From October to December Mitchell has three pieces in Primavera at Sydney’s newly renovated Museum of Contemporary Art. Beneath she explains her ideas, art dreams and how lucky she feels to be a part of Primavera’s 21st year.

“I had one of those really amazing, sassy art teachers at high school. She was quite into conceptual art and I remember clearly an assignment in year ten where we had to do a project on what is beauty. It was the first time I had ever seen anything by Marina and Ulay Abramović. Marina is the grandmother of performance art (she’s the woman who sat at the MOMA every day recently and people would go and sit opposite her).
Endurance performance or durational works are ways of exploring the boundaries of yourself. Their defining boundaries are determined by an action, or something you do until it can no longer be done. The work of Marina and Ulay’s that I first saw was them sitting back-to-back with their long hair plaited together. It was an endurance work where it just falls apart over time. You know those works that have a capacity to shift your perspective and make you feel really excited about the world? That was it.

[My work] is definitely a hark back to childhood elements of fantasy and naiveté where the impossible is possible. At a young age you don’t really have any concept of ‘no, you can’t do that’, in your mind you can just do anything. [I’m] probably wanting to live out impossible-made-possible type scenarios. It’s almost to go behind the face of something, to get inside it, to know it.

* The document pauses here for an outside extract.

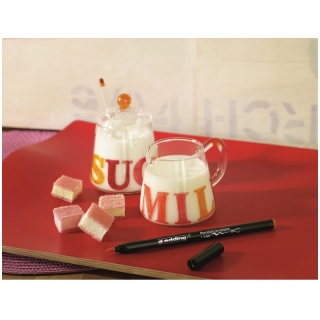 Набор маркеров для письма по фарфору Edding "4200_2" 6цв., гибкий пишущий узел, 1,0-4,0мм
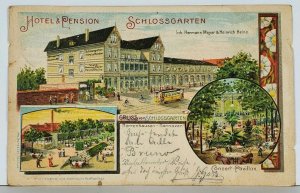 Hannover Germany Schlossgarten Hotel & Pension Concert Pavillion Postcard K10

For example, some works are like blockbuster stunts, like in Indiana Jones where he walks across a bridge and chops it in half. I always want to do that. The whole journey of building a bridge and walking out and chopping it in half and the falling short of the epic money shot (as I’m only falling thirty centimetres into the water and instead of five hundred metres).

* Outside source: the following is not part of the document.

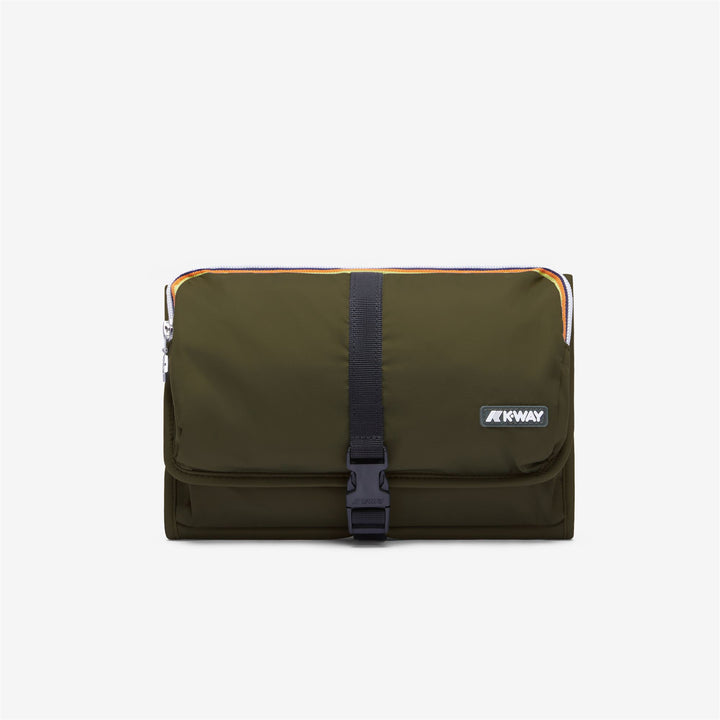Beauty Case Impermeabile Unisex Verde Scuro con Design Appeso 1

I’m attracted to those kind of things, cartoons and that sort of slapstick sensibility that comes from popular culture. They’re all things we’re familiar with and there’s always something conceptually rigorous going on underneath it, but on the surface it’s just so funny.

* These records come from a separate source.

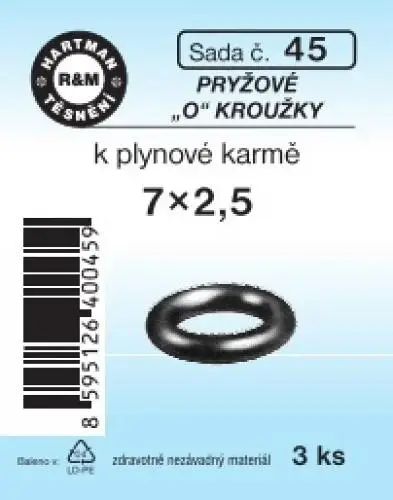 Ověřený Hartman Sada č.45: sada "O" kr. k plyn.karmě - 7x2.5 - 3x5022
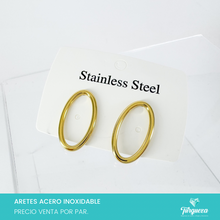 Load image into Gallery viewer, Arete Oval Liso Dorado 3cm Acero Inoxidable
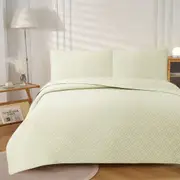 Jane Barrington Morris Light Cream Ultrasonic Embossed Lightly Quilted Reversible Coverlet Set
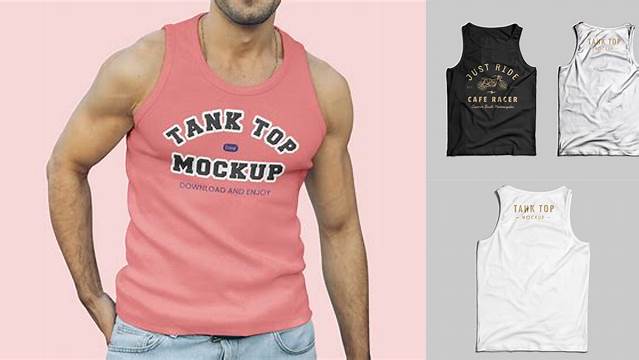 8776+ Men's Tank Top Mockup Free Customizable Design Files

I’ve done a lot of martial arts since I was sixteen and I have this extreme interest in the capabilities and the capacity of the body. [Just like martial arts, art] is like getting into the zone. You are so aware, there is nothing else in your mind, it’s quite meditative. I’m one hundred percent in that place, in that moment. I’m not thinking about where I was before or what I’m doing later, in fact I’m not thinking about anything at all. I guess a lot of work that I do is like that.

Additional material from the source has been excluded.